One of the other most striking allegory of Christianity that I’d missed initially was the way how the facility’s guards attempted to capture the runaway clones. They would shoot miniature fish hooks or harpoons into the back of the escapees as they tried to run away and would then simply reel them back in as if they were fish on a hook. Realistically, in life, it’s impossible. I mean, how could one pull a struggling, fully-grown adult by a single mere fish hook embedded in the flesh on his back? While I merely accepted that as being a given, being part and parcel of mid-21st century high-tech weaponry that they now owned, it wasn’t until later on in the film when my friend turned and smiled about the large net that breaks the fall of Lincoln and Jordan falling from a skyscraper that the allegory clicked. What are two common ways of catching fish? Either with a net or a fishing hook. And what did Jesus himself say to the fishermen by the shores of the Sea of Galilee? (Mark 1:17) Bingo.

Meanwhile, as the scientists back at the containment facility go through and compare a previous brain scan done on Lincoln with the most recent one just before he escaped, they discover that Lincoln had somehow grown memories belonging to his sponsor that he shouldn’t have. He was after all a clone, not a real human and without a soul. It was impossible but yet it happened somehow, presumably through an infection of some sort from outside according to the scientist.
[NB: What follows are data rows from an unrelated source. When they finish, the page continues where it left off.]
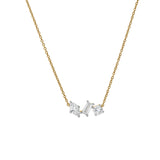 Selara 14K Yellow Gold Lab Grown Diamond Necklace – 0.75 Ct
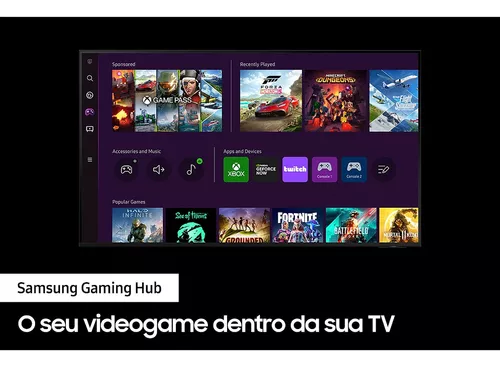 Smart Tv 50'' 4k Uhd 50cu7700 2023 Preta Samsung - Imagem 4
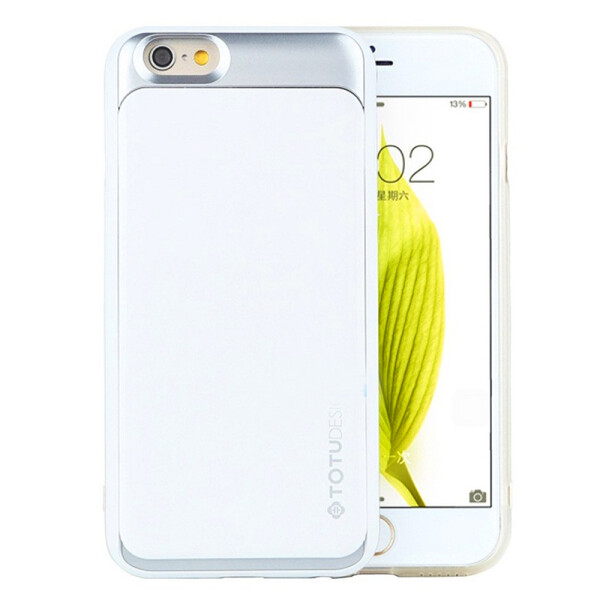 

Чехол TOTU Design Card slot series для iPhone 6/6s White/Gold (10512)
This made me think of Romans 12:2 about the process of renewing of our minds, and about how Christianity teaches it is the Holy Spirit that imparts us with new knowledge about ourselves, and of God and of the spiritual world around us when we turn to Him, and that until we are ‘infected’ with this external source and dimension of life, we will never quite ‘see’ the world the way Lincoln ultimately came to see his own.
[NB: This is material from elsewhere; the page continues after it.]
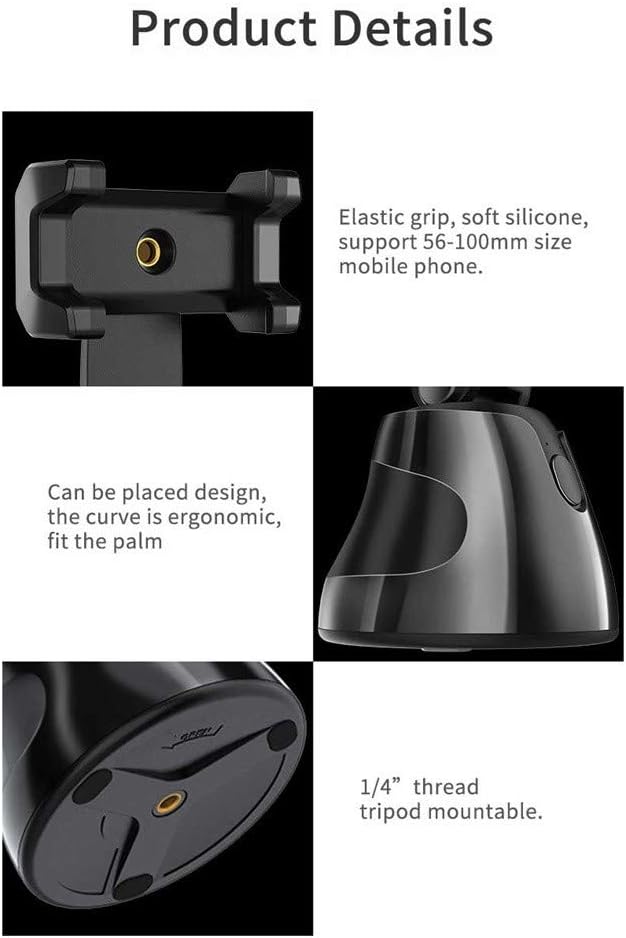 360° Automatikus Arc- és Tárgykövető Selfie Bot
The final metaphor I picked up was also a reference to the start of the movie when Lincoln was dreaming about being on a slick-looking boat called ‘Renovatio’ sailing towards the Island. We find out in the film that ‘Renovatio’ is Latin for ‘renewal’ or ‘rebirth’ and I thought it couldn’t have been a more befitting name for the boat that ultimately carries the freed Lincoln and Jordan to ‘paradise’. Lincoln and Jordan were created merely as a just another product on the shelf, born as live tissue and bred for harvesting. Yet, by seeing through the deception, by discovering the truth and escaping from the containment facility, they were ultimately ‘reborn’ again as individuals in their own right to live. No prizes for guessing who was the person in the Bible that also proclaimed that we too must be spiritually reborn or ‘born again’ to live eternally (John 3:1-8).